In Sam Raimi’s Raimi’s 1987 horror classic Evil Dead 2, Bruce Campbell’s idiot-hero Ash attempts to shoot his possessed (and severed) right hand after it scurries behind the walls of a cabin in the woods. Instead of slaying the extremity, Ash causes a torrent of blood to rush out of the wall and drench him in gore. We asked Campbell to explain exactly how they achieved the effect.
The blood flood? We had to try that a couple of ways. We tried pumping [blood] out of a wall. They had these 55-gallon drums, one on top of each other, so you’ve got 110 gallons. They tried the best they could to get the pumps going, but it took time to build up the pressure. You could editorially cut around it, but Sam’s like, “No, we’re going to cut to the chase. Bruce, lie flat like this. We’ll turn the camera sideways, so if you’re lying sideways, and we’re looking at you sideways, it looks like you’re standing up, and you’re looking straight forward.”
So I’m lying that way and the 55-gallon drum is now directly above my face.
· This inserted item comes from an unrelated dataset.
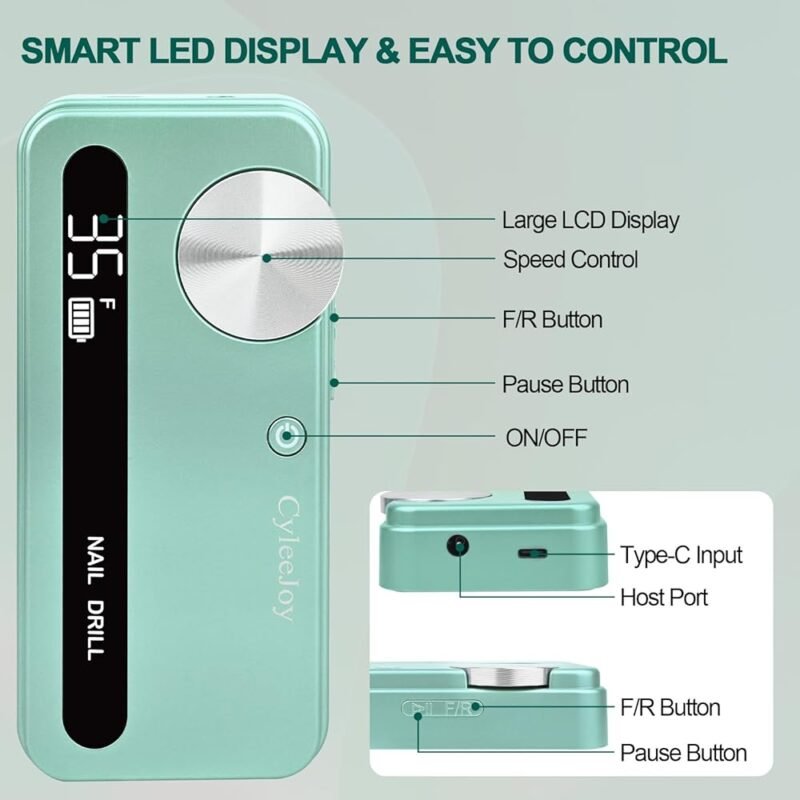 CyleeJoy Taladro de Uñas Inalámbrico Profesional 35000 RPM - Imagen 7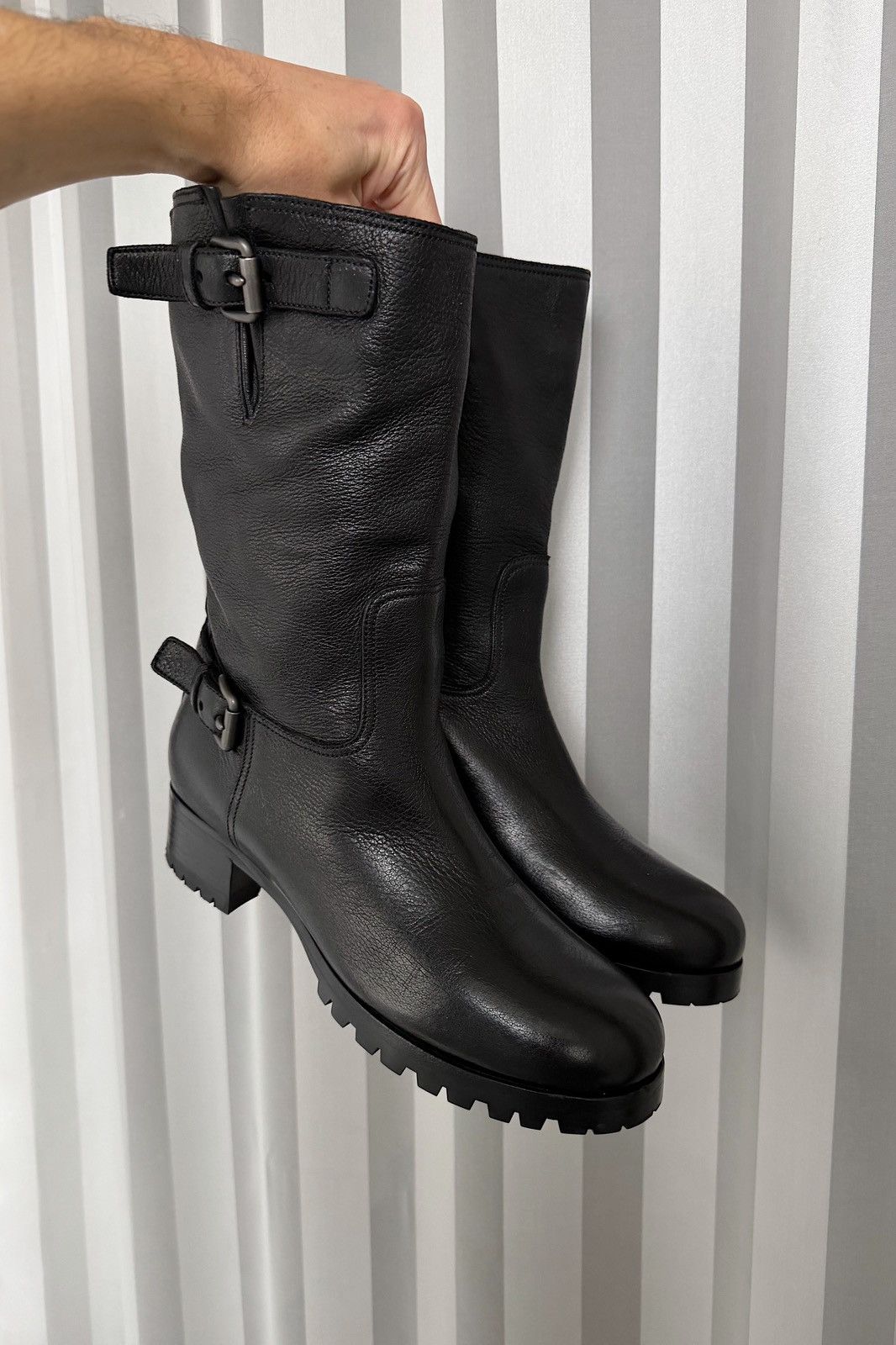 Prada PRADA FW 2014 Biker Buckle Leather Boots miu miu runway logo Size US 9 / IT 39 - 2 Thumbnail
They’re gonna pull the plug and gravity is going to do the work. You don’t need a pump. It’s all coming out. Sam says to me, “Bruce, if you’re drowning, wave your arms.” I’m like, “That’s what I’m supposed to do anyway!” He goes, “Shut up! Just do it! You’ll be fine!” They tested one drop. It hit me right square in the forehead. They were like, “It’ll hit, it’ll get him.” In the movie, you see it come rocketing out and just hit me square in the face. It was a bull’s-eye.
I was blowing red snot for easily a week. People make fun of these movies sometimes. They think you’re not working hard, or they think these low-budget movies are easy, or whatever. They’re so full of sh—.